AI, ML & Data Science

John Thorpe

Head of Product at BreezeML

Machine learning (especially deep learning) is becoming increasingly complex and expensive. Many companies build their core businesses (e.g., self-driving, credit card fraud detection, item recommendation, etc.) upon continuous model training and/or inferencing, which is typically performed with dozens or even hundreds of GPU machines on a (public or on-premise) cloud. While a cloud-based environment makes it possible for these jobs to dynamically scale with load changes (e.g., user requests), running these jobs under the cloud's pay-as-you-go pricing model incurs large monetary costs, which would rapidly grow with the model size/complexity, the size of datasets, and the number of users.

BreezeML democratizes AI/ML by helping AI companies significantly increase their performance-per-dollar by making effective use of preemptible GPU instances. Rooted in years of research at UCLA and Princeton, BreezeML provides (1) a preemption-resilient software system that allows users to reliably run ML training/inference jobs on preemptible instances (such as spot instances) and (2) a virtual cloud interface that performs intelligent selection and scheduling of (spot and on-demand) instances to minimize the monetary costs with strong SLA guarantees.
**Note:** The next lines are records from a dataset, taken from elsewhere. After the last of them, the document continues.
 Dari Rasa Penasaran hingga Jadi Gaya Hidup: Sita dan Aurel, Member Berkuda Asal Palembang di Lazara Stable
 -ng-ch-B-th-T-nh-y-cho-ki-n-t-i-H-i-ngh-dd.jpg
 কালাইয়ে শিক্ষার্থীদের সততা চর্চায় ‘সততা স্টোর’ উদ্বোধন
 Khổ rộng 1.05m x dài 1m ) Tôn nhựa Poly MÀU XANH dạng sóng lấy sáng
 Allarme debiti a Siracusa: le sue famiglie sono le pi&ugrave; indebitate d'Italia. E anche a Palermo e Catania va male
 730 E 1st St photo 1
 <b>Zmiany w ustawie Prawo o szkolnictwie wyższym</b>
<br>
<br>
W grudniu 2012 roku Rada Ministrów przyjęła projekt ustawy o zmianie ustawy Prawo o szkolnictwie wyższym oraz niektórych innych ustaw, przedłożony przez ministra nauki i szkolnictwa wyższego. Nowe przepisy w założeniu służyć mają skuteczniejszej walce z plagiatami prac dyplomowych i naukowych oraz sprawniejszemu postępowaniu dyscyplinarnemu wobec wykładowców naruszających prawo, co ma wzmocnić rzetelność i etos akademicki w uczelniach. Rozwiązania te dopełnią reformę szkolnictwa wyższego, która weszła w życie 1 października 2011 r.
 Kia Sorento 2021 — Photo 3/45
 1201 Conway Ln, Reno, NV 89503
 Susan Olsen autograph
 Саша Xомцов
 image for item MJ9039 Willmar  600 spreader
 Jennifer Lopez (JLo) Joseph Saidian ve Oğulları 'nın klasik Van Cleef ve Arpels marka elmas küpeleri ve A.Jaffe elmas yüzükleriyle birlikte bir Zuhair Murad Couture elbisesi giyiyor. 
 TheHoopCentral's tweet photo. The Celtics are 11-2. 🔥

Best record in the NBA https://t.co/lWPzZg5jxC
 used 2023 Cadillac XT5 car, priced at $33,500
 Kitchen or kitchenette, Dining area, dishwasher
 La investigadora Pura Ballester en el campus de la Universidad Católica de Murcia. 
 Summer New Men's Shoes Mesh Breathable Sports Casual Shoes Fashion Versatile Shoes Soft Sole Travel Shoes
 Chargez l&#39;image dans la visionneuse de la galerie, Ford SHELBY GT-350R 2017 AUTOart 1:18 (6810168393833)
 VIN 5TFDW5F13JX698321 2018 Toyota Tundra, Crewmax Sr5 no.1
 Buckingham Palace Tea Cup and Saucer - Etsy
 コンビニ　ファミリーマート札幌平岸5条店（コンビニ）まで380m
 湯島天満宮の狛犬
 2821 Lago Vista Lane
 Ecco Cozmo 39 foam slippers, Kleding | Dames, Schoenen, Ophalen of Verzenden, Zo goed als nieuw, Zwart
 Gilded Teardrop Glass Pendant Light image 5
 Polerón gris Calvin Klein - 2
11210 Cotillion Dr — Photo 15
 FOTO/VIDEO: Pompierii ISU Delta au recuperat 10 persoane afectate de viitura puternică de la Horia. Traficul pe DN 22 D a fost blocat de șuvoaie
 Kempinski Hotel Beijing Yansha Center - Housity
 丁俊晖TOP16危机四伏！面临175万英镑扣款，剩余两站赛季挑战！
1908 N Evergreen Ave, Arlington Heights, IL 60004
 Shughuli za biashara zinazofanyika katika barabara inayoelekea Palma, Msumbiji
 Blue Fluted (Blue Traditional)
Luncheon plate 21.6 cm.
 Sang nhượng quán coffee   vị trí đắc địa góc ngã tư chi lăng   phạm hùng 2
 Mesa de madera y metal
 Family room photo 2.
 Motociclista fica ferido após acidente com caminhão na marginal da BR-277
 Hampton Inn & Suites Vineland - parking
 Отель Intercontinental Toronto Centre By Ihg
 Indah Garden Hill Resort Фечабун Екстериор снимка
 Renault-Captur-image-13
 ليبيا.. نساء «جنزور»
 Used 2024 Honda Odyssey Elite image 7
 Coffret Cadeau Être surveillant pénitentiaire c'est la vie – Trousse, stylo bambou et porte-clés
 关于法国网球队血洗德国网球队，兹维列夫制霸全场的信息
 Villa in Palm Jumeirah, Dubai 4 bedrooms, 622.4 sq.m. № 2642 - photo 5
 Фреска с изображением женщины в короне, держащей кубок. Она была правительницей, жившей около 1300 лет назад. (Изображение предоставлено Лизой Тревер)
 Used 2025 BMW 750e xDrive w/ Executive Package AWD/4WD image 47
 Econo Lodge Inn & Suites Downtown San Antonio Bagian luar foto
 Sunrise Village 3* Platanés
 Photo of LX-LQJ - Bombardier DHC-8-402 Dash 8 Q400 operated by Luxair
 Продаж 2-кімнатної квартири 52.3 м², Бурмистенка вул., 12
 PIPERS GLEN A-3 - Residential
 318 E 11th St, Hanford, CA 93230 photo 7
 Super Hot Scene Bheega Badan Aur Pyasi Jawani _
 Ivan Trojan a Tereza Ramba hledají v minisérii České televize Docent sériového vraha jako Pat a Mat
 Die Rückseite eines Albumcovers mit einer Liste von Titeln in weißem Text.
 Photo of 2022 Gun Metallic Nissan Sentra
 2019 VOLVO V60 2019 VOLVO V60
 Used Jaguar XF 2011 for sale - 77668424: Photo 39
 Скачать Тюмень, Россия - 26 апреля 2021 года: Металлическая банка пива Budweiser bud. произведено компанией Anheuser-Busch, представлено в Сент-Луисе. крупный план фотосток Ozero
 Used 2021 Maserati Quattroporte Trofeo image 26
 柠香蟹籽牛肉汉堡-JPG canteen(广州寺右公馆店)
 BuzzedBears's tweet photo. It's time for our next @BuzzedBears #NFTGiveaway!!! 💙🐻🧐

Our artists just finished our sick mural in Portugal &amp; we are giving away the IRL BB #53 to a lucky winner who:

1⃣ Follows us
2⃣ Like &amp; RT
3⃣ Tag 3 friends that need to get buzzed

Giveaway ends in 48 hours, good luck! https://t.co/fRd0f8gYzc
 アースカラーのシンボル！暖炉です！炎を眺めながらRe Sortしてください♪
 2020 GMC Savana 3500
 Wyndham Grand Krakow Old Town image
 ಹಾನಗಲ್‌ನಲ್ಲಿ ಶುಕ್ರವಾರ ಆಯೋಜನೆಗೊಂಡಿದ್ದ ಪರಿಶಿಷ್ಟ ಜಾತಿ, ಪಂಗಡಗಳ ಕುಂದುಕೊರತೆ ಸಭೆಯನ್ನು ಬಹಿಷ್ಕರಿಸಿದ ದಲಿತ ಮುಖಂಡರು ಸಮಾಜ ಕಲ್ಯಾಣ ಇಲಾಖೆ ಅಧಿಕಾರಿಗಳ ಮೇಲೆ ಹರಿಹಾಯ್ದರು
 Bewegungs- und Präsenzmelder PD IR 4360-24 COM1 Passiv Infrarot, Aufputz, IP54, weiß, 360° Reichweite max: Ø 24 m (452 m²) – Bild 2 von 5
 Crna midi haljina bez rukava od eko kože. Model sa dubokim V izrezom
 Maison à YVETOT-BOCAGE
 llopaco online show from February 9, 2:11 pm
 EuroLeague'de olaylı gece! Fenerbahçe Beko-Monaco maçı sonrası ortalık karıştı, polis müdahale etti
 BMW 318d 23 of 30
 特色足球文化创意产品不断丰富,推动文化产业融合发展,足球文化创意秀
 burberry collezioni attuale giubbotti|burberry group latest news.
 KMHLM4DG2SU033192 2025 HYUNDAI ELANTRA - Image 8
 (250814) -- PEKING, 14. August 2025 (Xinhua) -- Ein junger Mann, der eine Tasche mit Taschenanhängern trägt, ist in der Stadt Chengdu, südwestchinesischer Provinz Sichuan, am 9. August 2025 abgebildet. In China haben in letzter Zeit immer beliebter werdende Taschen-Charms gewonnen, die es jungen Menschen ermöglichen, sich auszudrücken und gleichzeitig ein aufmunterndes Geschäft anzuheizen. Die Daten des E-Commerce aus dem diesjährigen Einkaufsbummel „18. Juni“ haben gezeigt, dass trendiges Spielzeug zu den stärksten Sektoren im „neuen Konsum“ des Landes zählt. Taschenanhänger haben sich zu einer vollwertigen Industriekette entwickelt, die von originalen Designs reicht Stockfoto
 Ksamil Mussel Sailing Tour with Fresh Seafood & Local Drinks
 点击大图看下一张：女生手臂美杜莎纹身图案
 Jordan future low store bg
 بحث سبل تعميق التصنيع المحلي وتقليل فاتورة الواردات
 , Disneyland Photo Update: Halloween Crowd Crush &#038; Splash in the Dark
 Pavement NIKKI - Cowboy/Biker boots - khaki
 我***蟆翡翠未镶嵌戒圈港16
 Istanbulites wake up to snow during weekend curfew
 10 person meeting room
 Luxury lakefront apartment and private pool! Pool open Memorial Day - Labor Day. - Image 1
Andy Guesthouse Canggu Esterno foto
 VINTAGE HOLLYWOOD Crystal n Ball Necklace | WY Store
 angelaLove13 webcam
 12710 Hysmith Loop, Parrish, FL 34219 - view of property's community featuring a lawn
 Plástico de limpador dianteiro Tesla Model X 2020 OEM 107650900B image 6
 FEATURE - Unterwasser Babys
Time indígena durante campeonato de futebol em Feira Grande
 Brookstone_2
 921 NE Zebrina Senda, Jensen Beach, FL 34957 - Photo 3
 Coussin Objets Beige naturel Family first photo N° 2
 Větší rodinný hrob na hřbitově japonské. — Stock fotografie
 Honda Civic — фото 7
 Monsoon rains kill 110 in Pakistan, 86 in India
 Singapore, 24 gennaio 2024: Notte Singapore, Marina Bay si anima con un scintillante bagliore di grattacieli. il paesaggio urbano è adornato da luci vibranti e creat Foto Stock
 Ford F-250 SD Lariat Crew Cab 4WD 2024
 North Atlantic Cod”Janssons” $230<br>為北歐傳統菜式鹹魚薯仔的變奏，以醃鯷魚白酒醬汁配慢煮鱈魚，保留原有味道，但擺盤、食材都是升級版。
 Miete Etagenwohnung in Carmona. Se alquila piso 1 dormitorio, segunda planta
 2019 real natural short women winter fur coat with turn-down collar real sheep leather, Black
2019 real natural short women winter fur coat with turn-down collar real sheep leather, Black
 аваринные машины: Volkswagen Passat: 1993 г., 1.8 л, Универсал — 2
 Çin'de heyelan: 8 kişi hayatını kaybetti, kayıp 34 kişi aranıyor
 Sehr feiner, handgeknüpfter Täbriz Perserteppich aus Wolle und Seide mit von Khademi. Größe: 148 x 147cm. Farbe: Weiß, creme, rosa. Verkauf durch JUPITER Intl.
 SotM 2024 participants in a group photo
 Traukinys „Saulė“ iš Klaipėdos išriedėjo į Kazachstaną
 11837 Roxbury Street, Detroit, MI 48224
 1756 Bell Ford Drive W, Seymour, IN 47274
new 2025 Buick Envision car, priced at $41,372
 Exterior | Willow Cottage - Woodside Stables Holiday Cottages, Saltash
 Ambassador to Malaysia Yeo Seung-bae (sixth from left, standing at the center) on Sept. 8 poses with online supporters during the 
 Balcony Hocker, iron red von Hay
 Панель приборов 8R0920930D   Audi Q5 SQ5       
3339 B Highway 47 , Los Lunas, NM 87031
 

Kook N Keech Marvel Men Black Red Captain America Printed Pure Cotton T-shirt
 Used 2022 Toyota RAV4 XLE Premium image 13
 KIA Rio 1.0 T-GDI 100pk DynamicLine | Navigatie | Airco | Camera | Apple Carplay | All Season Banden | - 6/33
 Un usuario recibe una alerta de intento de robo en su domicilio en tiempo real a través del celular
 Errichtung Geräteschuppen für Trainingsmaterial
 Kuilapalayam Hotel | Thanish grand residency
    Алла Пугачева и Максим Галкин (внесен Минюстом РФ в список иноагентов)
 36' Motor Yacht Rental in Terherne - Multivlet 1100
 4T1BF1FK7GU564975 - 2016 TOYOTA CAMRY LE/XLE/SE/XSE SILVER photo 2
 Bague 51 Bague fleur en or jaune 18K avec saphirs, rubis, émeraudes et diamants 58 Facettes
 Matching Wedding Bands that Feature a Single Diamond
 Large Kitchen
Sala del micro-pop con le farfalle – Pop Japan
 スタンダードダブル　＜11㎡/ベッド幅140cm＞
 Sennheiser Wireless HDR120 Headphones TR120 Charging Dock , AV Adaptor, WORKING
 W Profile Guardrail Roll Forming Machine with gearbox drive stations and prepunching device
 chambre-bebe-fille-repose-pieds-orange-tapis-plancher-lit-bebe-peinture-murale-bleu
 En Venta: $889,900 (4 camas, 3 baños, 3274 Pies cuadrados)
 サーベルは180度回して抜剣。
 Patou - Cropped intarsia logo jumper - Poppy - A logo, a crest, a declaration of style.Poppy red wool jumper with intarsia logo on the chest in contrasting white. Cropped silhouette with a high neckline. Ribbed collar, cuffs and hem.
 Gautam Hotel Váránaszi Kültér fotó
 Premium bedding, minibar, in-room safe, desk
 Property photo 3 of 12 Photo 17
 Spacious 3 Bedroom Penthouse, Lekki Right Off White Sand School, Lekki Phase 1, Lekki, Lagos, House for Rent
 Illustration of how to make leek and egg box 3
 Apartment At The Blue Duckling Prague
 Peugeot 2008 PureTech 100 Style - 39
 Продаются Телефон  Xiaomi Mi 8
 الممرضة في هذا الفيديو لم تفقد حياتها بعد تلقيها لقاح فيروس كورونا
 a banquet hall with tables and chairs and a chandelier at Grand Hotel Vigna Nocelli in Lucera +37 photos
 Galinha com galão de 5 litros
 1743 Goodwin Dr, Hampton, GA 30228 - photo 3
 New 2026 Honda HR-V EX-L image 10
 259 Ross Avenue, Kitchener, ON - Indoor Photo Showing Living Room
Currently, BreezeML provides two services:

An API server (http://windmill.breezeml.ai/apis/) that allows ML engineers to upload batch jobs for free trails. It also allows customers to use their own cloud (e.g., AWS) credential to log in and use BreezeML to run jobs under their own cloud configurations.
We provide a docker image of the Breeze runtime, which includes the Breeze-enhanced Pytorch/Tensorflow/XGBoost as well as a new K8S-based orchestration system that can be easily deployed in the user's local environment (compliant with the user's local security policies). Our runtime allows the user to (a) use cheap spot instances in the cloud or (b) sharing resources between (low-priority) training and (high-priority) inference jobs in their on-premise cluster, thereby significantly improving GPU resource utilization.

Experiments across a wide range of vision, language, and classification models demonstrate that BreezeML improve the performance-per-dollar by an average of 3 times. Our approach also eliminates the need of resource over-provisioning in on-premise clusters by allowing (high-priority) inference jobs to safely preempt (low-priority) training jobs.